→ **Task to complete**:
One part of the entries below is wanted: the lines from the one containing "Usagé Commande chauffage" through the one containing "Photo 32 at". Write those out exactly and nothing else.

→ **Records to process**:
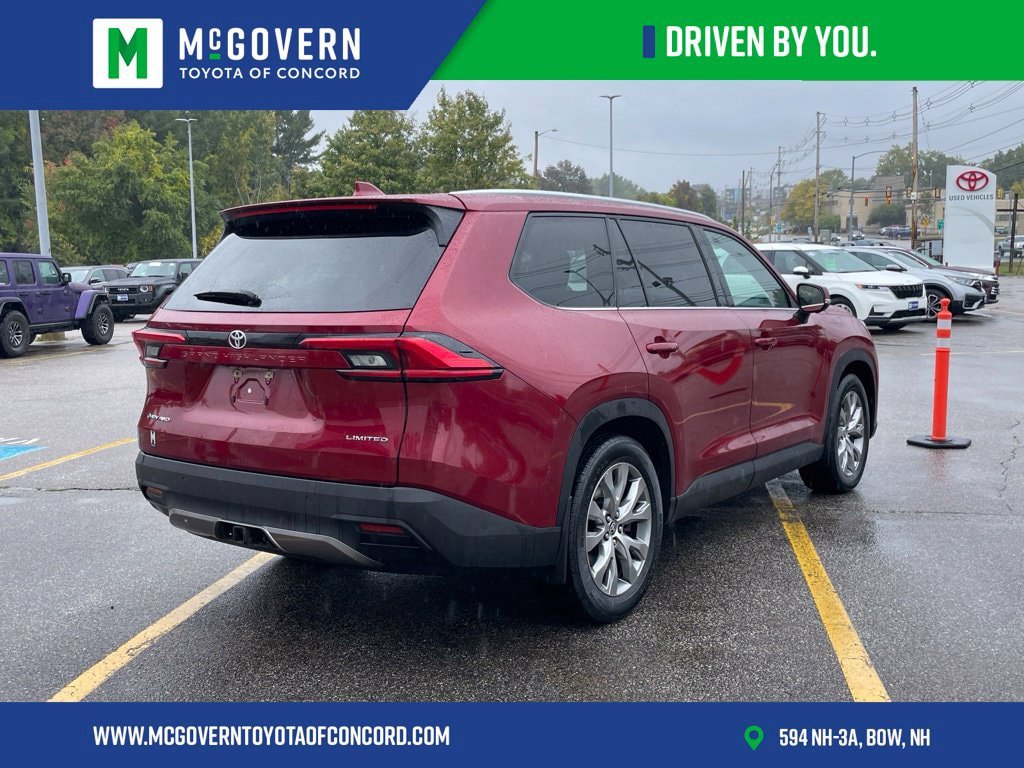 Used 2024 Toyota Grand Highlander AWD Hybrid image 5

--

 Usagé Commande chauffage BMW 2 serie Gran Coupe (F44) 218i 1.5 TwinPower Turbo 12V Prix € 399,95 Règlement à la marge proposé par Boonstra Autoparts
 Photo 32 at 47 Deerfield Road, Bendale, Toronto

→ **Written reply**:
 Usagé Commande chauffage BMW 2 serie Gran Coupe (F44) 218i 1.5 TwinPower Turbo 12V Prix € 399,95 Règlement à la marge proposé par Boonstra Autoparts
 Photo 32 at 47 Deerfield Road, Bendale, Toronto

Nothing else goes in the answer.